The p-value is a function of the observed sample results used for testing a statistical hypothesis. Prior to the test being performed an agreed threshold for the probability value (p-value) should be chosen, which is known as the significance level and will usually be somewhere between 1 and 5%. The results can be measured against the significance level to provide evidence for or against the null hypothesis.


The p-value returns the probability of getting the same result if the null hypothesis is true and the results were actually due to random chance. So what we’re actually testing is if the null was true, what chance is there you would get this result.

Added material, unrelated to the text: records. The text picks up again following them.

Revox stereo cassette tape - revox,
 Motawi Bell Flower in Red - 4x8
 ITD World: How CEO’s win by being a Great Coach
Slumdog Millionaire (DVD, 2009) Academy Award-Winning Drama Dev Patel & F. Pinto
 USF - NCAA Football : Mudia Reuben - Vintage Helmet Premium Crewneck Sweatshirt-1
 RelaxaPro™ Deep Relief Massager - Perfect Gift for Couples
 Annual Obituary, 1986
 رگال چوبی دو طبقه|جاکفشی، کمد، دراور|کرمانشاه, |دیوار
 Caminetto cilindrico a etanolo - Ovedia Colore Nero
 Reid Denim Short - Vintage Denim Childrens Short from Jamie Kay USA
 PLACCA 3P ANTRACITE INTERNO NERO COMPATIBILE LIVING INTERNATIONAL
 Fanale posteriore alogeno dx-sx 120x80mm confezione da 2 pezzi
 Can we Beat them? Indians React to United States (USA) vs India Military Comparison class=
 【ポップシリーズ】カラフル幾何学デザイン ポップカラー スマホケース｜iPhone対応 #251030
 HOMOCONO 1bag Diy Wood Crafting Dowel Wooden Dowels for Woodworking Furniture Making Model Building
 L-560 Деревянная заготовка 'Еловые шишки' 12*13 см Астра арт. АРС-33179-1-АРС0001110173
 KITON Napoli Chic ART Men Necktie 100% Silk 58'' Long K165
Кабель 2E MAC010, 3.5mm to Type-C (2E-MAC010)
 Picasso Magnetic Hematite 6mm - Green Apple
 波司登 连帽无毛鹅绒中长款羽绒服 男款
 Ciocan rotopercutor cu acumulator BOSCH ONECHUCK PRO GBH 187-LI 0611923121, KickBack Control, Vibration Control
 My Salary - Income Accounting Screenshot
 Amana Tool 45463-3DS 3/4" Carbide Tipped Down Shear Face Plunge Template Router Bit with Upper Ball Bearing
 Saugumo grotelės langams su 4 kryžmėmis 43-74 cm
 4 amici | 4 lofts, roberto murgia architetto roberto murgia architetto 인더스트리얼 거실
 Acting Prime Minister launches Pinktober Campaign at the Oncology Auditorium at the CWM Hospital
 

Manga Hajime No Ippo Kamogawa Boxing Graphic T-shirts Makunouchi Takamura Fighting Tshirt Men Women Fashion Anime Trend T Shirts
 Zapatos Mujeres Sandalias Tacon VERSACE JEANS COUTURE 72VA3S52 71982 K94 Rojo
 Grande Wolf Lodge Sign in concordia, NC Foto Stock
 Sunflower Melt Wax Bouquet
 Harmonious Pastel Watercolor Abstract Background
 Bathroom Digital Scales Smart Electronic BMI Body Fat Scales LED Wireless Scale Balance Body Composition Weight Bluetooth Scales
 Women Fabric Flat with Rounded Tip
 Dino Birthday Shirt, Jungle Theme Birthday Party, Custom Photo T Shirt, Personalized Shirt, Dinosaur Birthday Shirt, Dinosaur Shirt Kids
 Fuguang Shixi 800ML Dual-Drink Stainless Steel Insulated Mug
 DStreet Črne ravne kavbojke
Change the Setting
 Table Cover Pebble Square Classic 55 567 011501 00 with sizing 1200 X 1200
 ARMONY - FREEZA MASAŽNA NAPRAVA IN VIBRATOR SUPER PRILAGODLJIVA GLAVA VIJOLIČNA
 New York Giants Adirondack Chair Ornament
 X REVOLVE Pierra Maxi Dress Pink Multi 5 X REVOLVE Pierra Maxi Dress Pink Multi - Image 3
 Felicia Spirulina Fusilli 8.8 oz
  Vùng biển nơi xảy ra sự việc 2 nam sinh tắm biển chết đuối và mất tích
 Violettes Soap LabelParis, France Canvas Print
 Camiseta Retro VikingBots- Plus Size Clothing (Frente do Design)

As a general rule a p-value of 0.05 (5%) or less is deemed to be statistically significant evidence against a hypothesis:

p > 0.10 = Little evidence against the hypothesis

p <= 0.10 and > 0.05 = Weak evidence against the hypothesis

p <= 0.05 and > 0.01 = Moderate evidence against the hypothesis

p <= 0.01 and > 0.001 = Strong evidence against the hypothesis

p < 0.001 = Very strong evidence against the hypothesis


Whilst a p-value is useful in establishing significance, it is often more informative to calculate a confidence interval to understand the precision of the result. The p-value may tell you to reject the null hypothesis however a confidence interval could also calculate to a threshold (often 95%) and tell you to reject the null hypothesis but also offer the additional information of a range of values the result is probably between.




P-hacking, also known as data dredging, is the process of findings patterns in data which can enable a test to be deemed statistically significance when in reality there is no significant underlying effect.